MHP lideri Devlet Bahçeli’ye “Son günlerde en çok gerçekleşmesini, kabul olmasını istediğiniz dileğiniz nedir” diye sorulsa “Sevmediğim, hoşnut olmadığım her yer kapatılsın” diye cevap verirdi galiba.
Sayın Devlet Bahçeli, sosyal medya hesabından yaptığı açıklamada “HDP’nin kapısına açılmamak üzere kilit vurulmalıdır” diyor.
Nedenini ise şöyle açıklıyor: “Adalet ve hukuk mutlak surette devreye girmeli, HDP’nin kapısına açılmamak üzere kilit vurulmalıdır. Yani demem odur ki, HDP’yi Türk siyasetinin taşıma ve hazmetme kapasitesi dolmuştur. Bu terör ve bölücülük yatağı kapatılmalıdır.”
***
Şunu belirtmem gerekiyor ki Cumhur İttifakı ne zaman sıkışsa HDP’nin terörle bağını hatırlıyor, yargıya HDP ile ilgili harekete geçsin diye çağrıda bulunuyor. HDP’nin terör örgütüne yardım ve yataklık yaptığını söyleyen, kapatılması gerektiğini söyleyen ne sadece MHP ne de lideri Devlet Bahçeli.

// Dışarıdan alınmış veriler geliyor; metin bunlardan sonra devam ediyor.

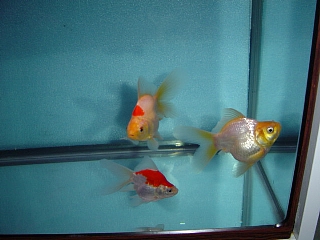 f0214235_164996.jpg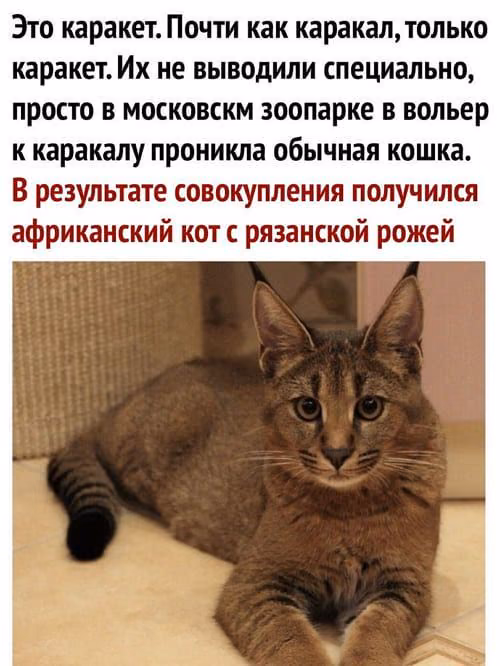 b1b5b79089b91f483e82e278c4bb7bfe.jpg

Tabii ki Sayın Bahçeli’nin hışmına uğrayan sadece HDP değil. 10 Aralık İnsan Hakları günü nedeniyle aralarında siyasetçilerin, yazarların, gazetecilerin ve hukukçuların bulunduğu 805 kişi de Bahçeli’nin hışmından nasiplerini aldılar.
Aynı zamanda bir akademisyen de olan Sayın Bahçeli’nin meslektaşlarına, bir siyasetçi olarak da gazetecilere sarf ettiği hakaretamiz laflarını burada zikretmeyeceğim elbette. Ancak iktidar ortağı olduğundan iktidara yakın bütün televizyon kanalları bu hakaret içeren, ayıplı sözleri maalesef kendi genç çocuklarına kötü örnek teşkil edeceğinin hesabını yapmadan, düşünmeden, taşınmadan ekranlarına taşıyorlar.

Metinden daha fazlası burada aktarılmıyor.